Research shows that black children are perceived as less innocent than white children, and as early as age 5 black girls are viewed as older than white girls of the same age. Black children are 10 times more likely to face discipline for typical childhood behavior like tantrums or class disruptions.
Fortunately, this is a rare case where the two children were not fully processed and eaten up by the system.
How does a 6-year-old commit misdemeanor battery?
WFTV spoke to Meralyn Kirkland the 6-year-old’s grandmother. Kirkland says that her daughter has sleep apnea and is prone to temper tantrums because she is exhausted a lot of the time. Teachers are aware of the girl’s condition. However, one day the girl kicked a staff member which prompted police intervention. I am sure the kick hurt a lot and the full-grown adult is seriously injured (not).
The 6-year-old was arrested and brought to a Juvenile Assessment Center where Kirkland discovered her granddaughter had been arrested for battery.
“I asked them for her, and they told me she was currently in process of being fingerprinted. And I think when they said fingerprinted is when it hit home to me. And I’m, like, fingerprinted? And they said yes, and they escorted me into an office and on the desk in that officer were two mugshot pictures of my 6-year-old granddaughter,” Kirkland said.
When Orlando police found out the officer did not get his supervisor’s approval for arresting the girl, they say they stopped the little one from being fully processed. However, Kirkland is less convinced because she has paperwork that requires her granddaughter to appear in court for the battery charge. Reporters are unsure of the events that led to the arrest of the second child on the same day.
The officer is fired
Initially, the officer was arrested, but he has now been fired. Orlando Police Chief Orlando Rolón said the situation made him “sick to his stomach.”
“When I first learned about this, we were all appalled and we could not fathom the idea of a 6-year-old being put in the back of a police car,” Rolón said at a news conference. “It’s still shocking to us. To have something like this happen was completely and totally a surprise to all of us.”
Department officials claim that the resource officer has a strict policy that prohibits officers from arresting children under the age of 12 without approval from their manager.

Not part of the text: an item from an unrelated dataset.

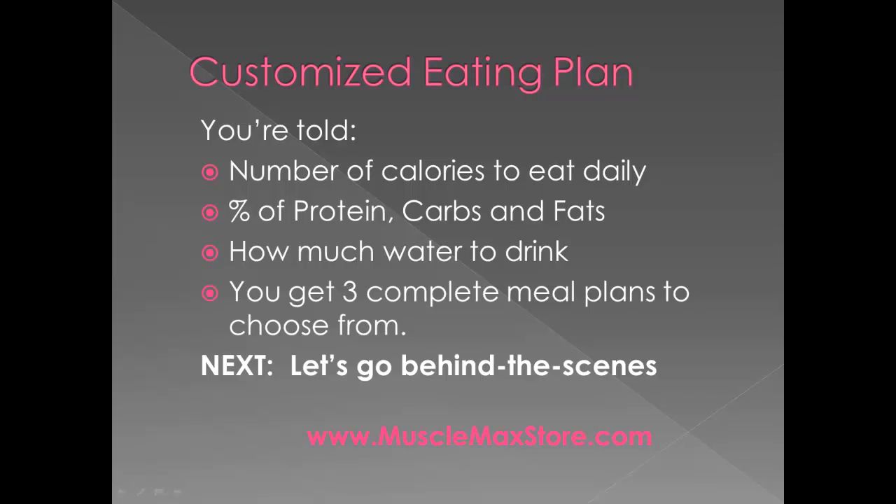You get told the number of calories you need to eat daily, and that's going to vary obviously whether you're looking for muscle gain or looking to burn fat. You're told — and this is what I think is probably the most important part of this product — based on your weight, your body type, and your goal, you're told what percentage of protein, carbs, and fats to eat. And it's not the same for each body type; in fact, it varies considerably.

“It was clear today when I came into work that there was no other remedy than to terminate this officer,” Rolón said.
The resource officer in question does not have a clean record himself, in 1998 he was charged with aggravated child abuse after bruises and welts were discovered on his 7-year-old son. He was also subjected to four internal investigations (two of which were for excessive force as recent as 2016), and in another incident, the resource officer threatened the husband of a woman he had been dating. So it is really cool of this school to have this man around children and for the police force to have employed him for years (not).
Charges dropped against 6-year-old
State Attorney for Orange and Osceola counties Aramis Ayala said she had no intention of prosecuting either 6-year-old.

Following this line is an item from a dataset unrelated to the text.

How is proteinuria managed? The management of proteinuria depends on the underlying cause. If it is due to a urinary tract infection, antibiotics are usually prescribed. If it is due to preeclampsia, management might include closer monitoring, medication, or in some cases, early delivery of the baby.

“I can assure you that there will be no criminal prosecution for a misdemeanor battery for these elementary children in my name or on my watch,” Ayala said. “Unlike some, I will not presume guilt or dangerousness of a child based on any demographic.”

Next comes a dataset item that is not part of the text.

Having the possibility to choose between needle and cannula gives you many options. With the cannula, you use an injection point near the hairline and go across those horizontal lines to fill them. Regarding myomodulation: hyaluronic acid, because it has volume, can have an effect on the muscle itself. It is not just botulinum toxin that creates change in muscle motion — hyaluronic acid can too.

Ayala hopes to stop the school to prison pipeline where it starts by choosing not to prosecute literal children for misbehaving at school.
“We must explore better options as a state. We must raise the expectations of how we respond in difficult situations,” Ayala said. “This is not a reflection on the children, but more of a reflection of a broken system that is in need of reform. It’s time to address juvenile legislation in ways that better protect the interests of children and their development.”